Nach dem Telemediengesetz kann eine Sperrung verlangt werden, wenn das Recht am geistigen Eigentum verletzt wurde. Die Sperrung muss aber verhältnismäßig sein. Netzsperren sind umstritten: Zum einen können auch Angebote blockiert werden, die legal im Netz stehen, zum anderen sind Sperren beim Domain Name System (DNS) leicht zu umgehen.
Hohe Hürden für Kläger
Der BGH entschied schon 2015, dass Internetprovider prinzipiell zur Sperrung von Webseiten verpflichtet werden können. Diese Sperrpflicht wurde allerdings eng gefasst und an hohe Hürden für Kläger geknüpft.
Kernfrage im aktuellen Fall ist: War es den Verlagen zuzumuten, zunächst den Host-Provider in Schweden in Anspruch zunehmen? Koch zufolge wäre etwa eine einstweilige Anordnung gegen den die Hostingfirma möglich gewesen, um Namen und Anschriften der Betreiber zu ermitteln.
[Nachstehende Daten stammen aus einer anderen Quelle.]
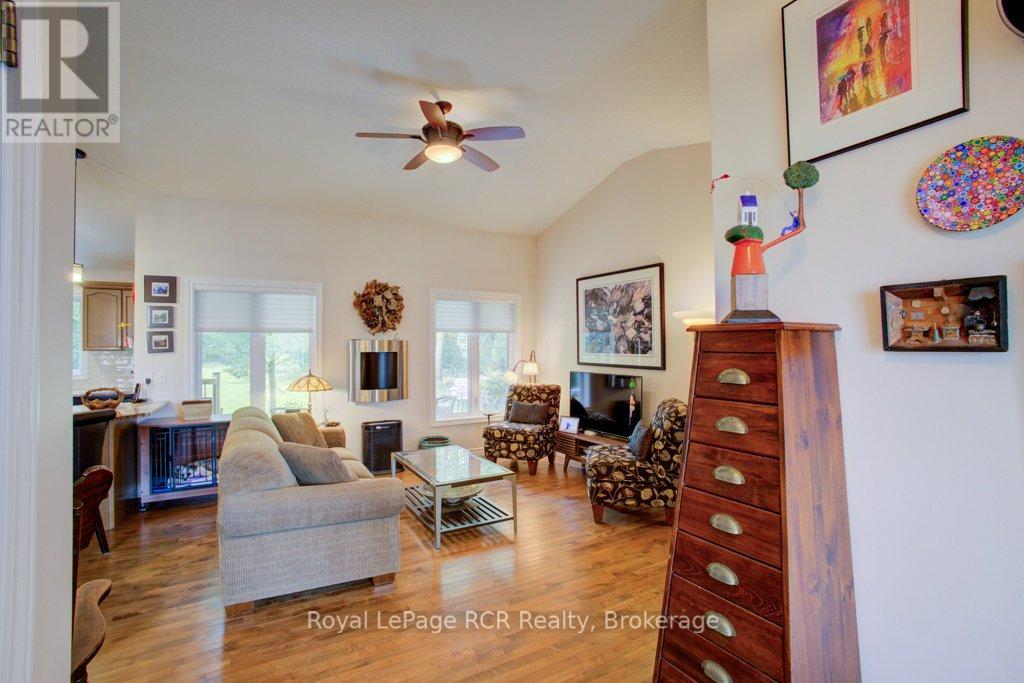 320 Durham Street W, Wellington North, Ontario  N0G 2L1 - Photo 11 - X12343522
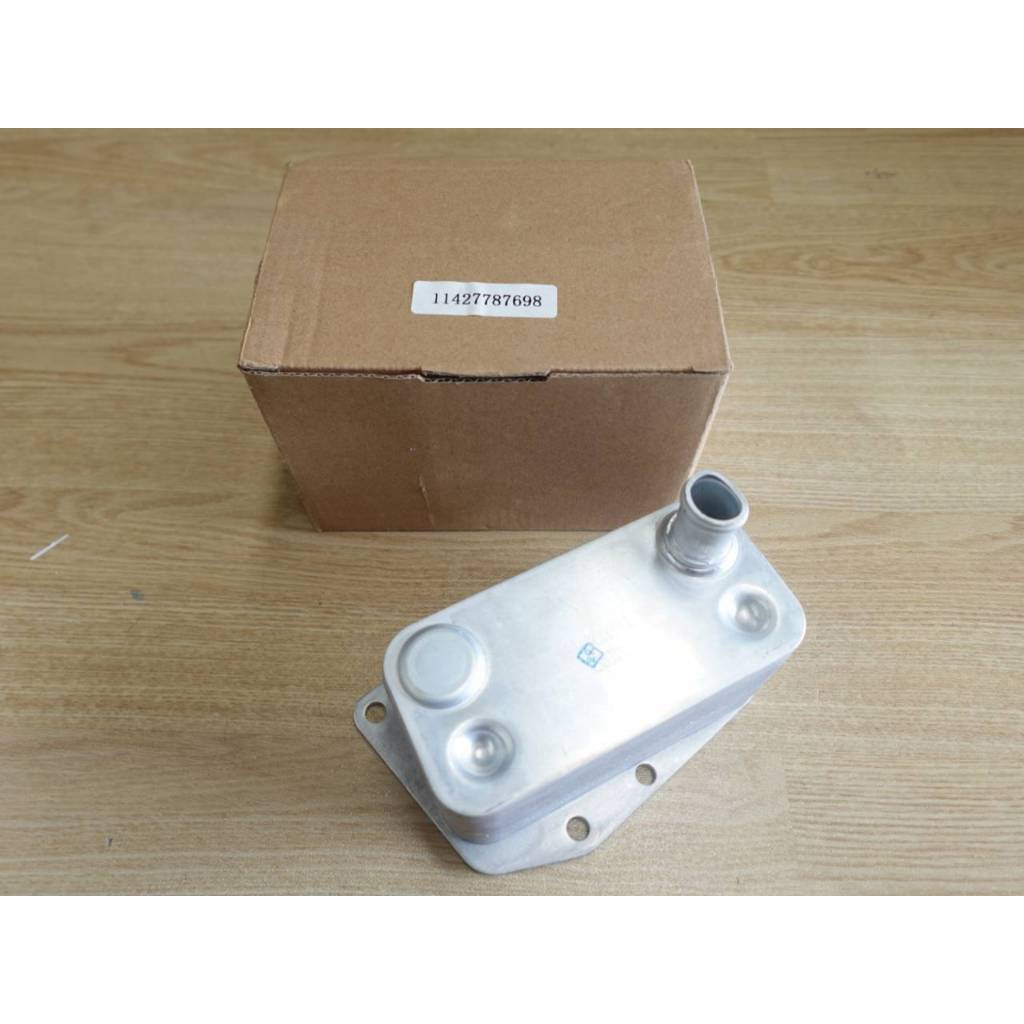 ออยล์คูลเลอร์(Engine Oil Cooler) BMW Series 5 E60 520d เครื่อง M47 ดีเซล
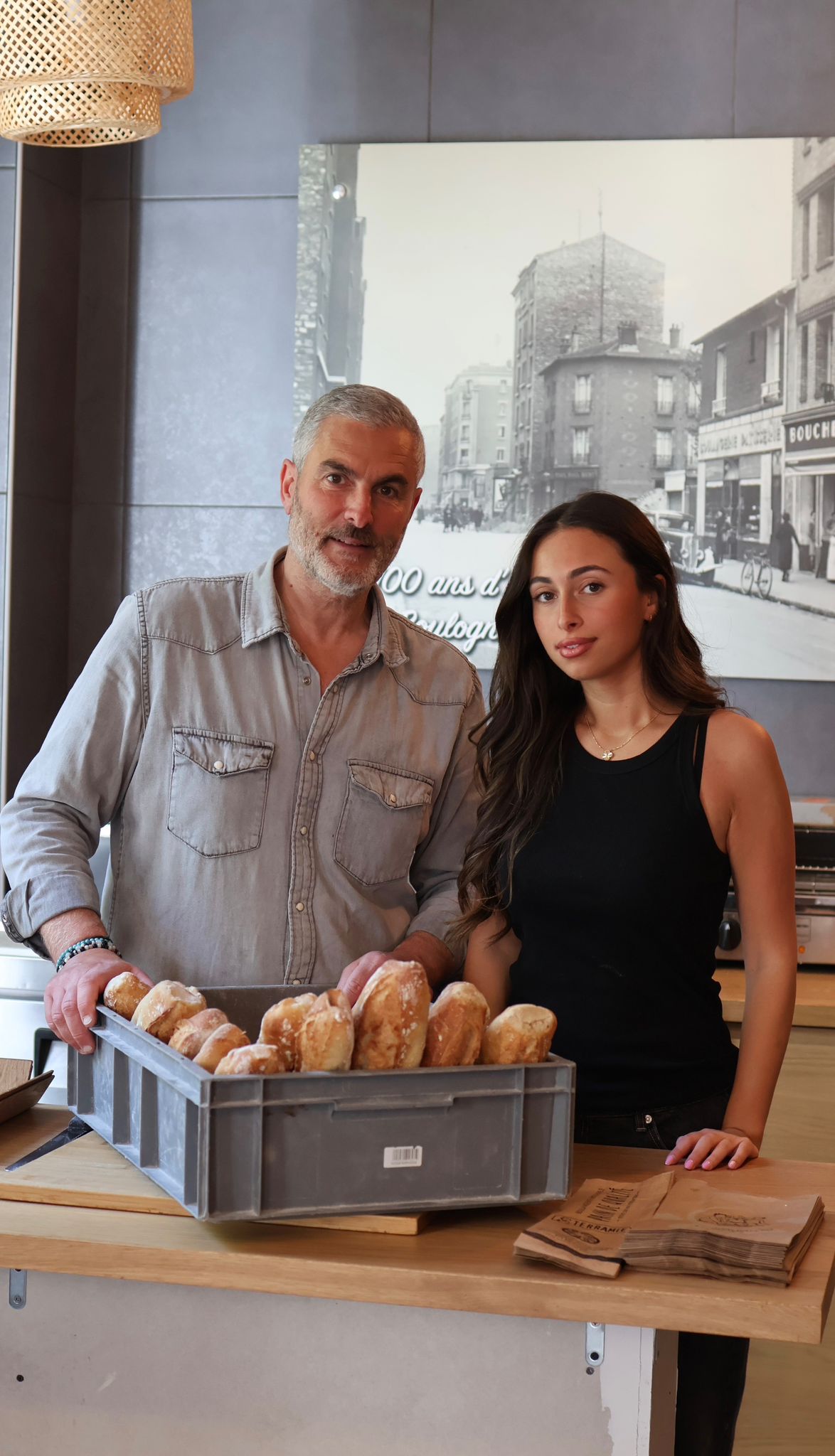 Artisan transmettant son savoir-faire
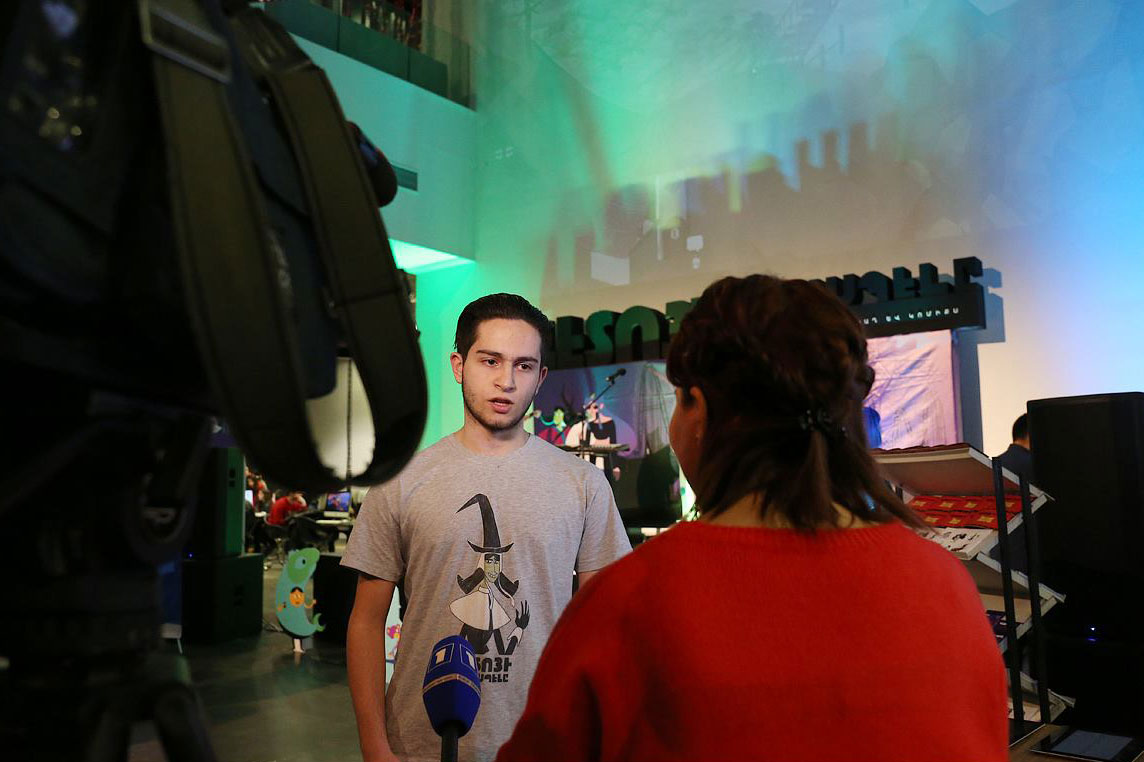 slide 1 - Mher’s Return to 3D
Der Anwalt der Verlage betonte hingegen, mit einem Namen sei bei Piraten-Webseiten nichts erreicht, da deren rechtswidriges Geschäftsmodell darauf beruhe, dass Identitäten verschleiert würden. «Die Verletzer sind nicht greifbar.» Sie würden sich auch bei einer mit beträchtlichen Kosten verbundenen Ausschöpfung der Rechtswege und nach vielen überflüssigen Korrespondenzen allen Maßnahmen der Vollstreckung entziehen. Er warnte davor, bei Betreibern, die «außerhalb der Rechtsordnung agieren», an Formalitäten festzuhalten.
Der Telekom-Anwalt wiederum verwies darauf, dass auch mit DNS-Sperren die Verbreitung von Inhalten nicht unterbunden werde. Auch habe der Internetzugangsanbieter keinen Einblick in die Inhalte der Webseiten. Zudem sei unklar, wie lange und für welche Werke die Sperren gelten sollten.